A wireless power supply system for automobile smart tires

technical field

The invention relates to the field of automobile tire safety equipment, in particular to a wireless power supply system for automobile intelligent tires.

Background technique

Smart tires are the future development trend of the tire industry. Installing electronic modules such as sensors and signal processing inside tires is an important means to realize tire intelligence. However, how to provide continuous and reliable power supply for the above-mentioned electronic modules is a problem that must be solved.

At present, direct power supply using button batteries is the most mainstream way. The size of the button battery is small, although it can meet the space constraints in the tire, but the capacity of the button battery is generally not very large, about 500mAh to 1000mAh. This limits its service life. Usually, the lifespan of the button battery that supplies power to the sensor is about 3 years, and it is difficult to provide the full-life power demand for the smart tire. However, if a battery with a larger size and battery capacity is used, on the one hand, it will cause certain difficulties in the installation and use of the tire, and on the other hand, it will also cause certain potential safety hazards.

For example, the harsh working environment inside the tire also poses a challenge to this direct power supply method. When the car is running, the temperature inside the tire can reach 100°C or even higher, and the air pressure can reach 500kPa. Under the condition of high temperature and high pressure, the service life of the battery will be greatly reduced, and even deformation and burst will occur, which will cause serious safety hazards to the driving of the car.

In addition, due to the weight of the battery, if a battery with a larger size and capacity is used, the dynamic balance of the tire will also be affected. The sensors and batteries installed inside the tire are actually fixed on the inner surface of the tire and are part of the smart tire itself, so the density of the smart tire is not uniform on the entire circumference. If the whole device is too heavy, the corresponding balance weight on the tire is also very heavy. Sometimes this kind of balance weight cannot be found, so the smaller the quality of the sensor and battery part, the better. The weight of the sensor element itself is very small, and most of the weight is They are all concentrated on the battery. Therefore, in order to ensure the dynamic balance of the smart tire, the most important way is to reduce the weight of the battery or use an indirect power supply mode.

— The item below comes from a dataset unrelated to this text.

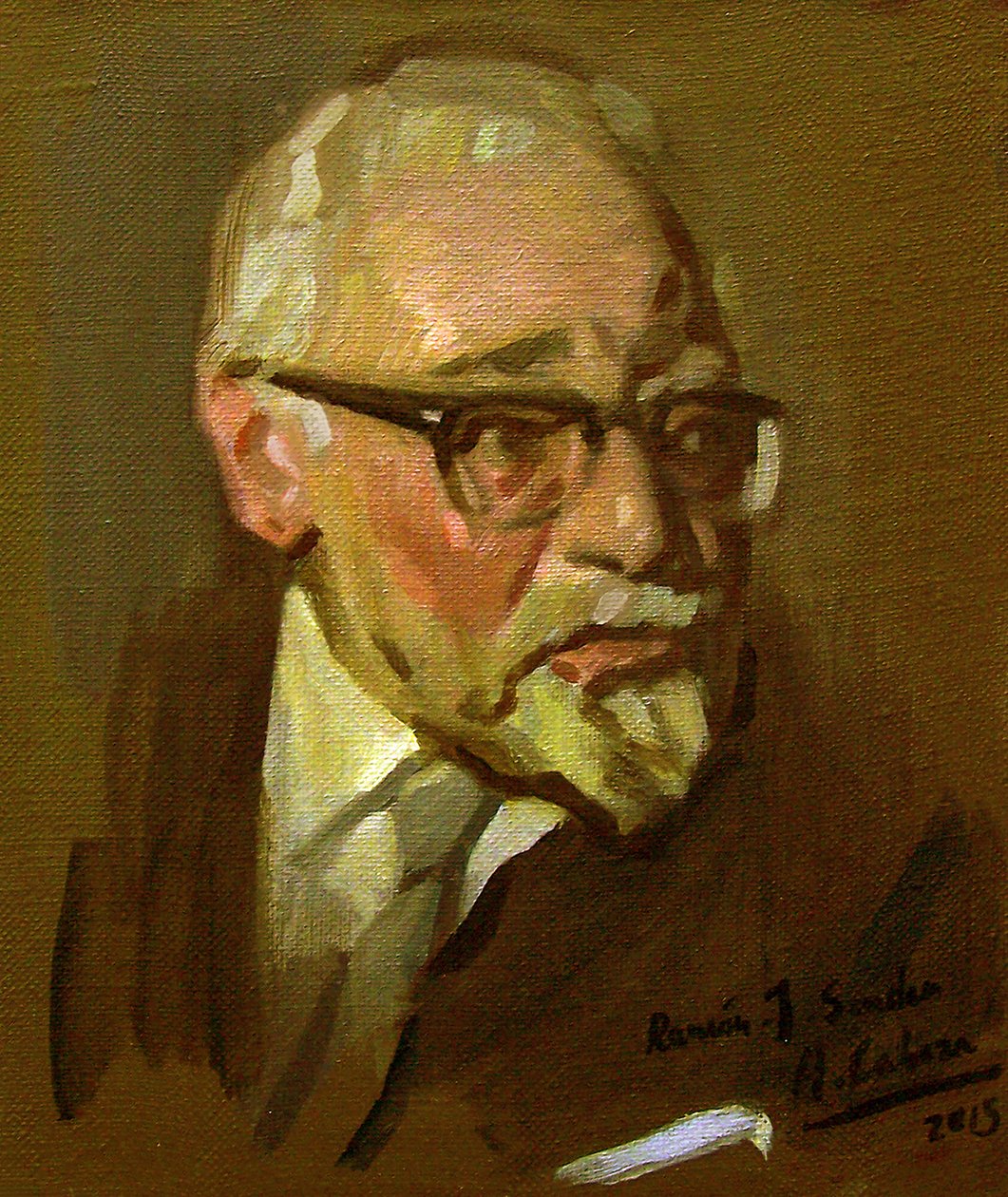 Porträtt av Ramon J. Sender av Alejandro Cabeza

In-wheel sensors that are directly powered by batteries will also have a great impact on signal acquisition. Because the traffic accidents caused by the abnormality of automobile tires are often instantaneous, real-time monitoring is a basic requirement for smart tires. However, if the transmission frequency is too high and the sampling time is too frequent, the power consumption will be huge and the battery life cannot be guaranteed. If in order to prolong battery life, it is necessary to limit the number of detections and launches. Although the service life is improved, its monitoring effect has not been brought into play, and real-time monitoring cannot be guaranteed. Therefore, in order to meet the requirements of smart tires, it is necessary to design a new power supply method for the in-tire sensing device.

Contents of the invention

The purpose of the present invention is to provide a wireless power supply system for automobile intelligent tires, which is used to solve the problem of deficiencies in the prior art.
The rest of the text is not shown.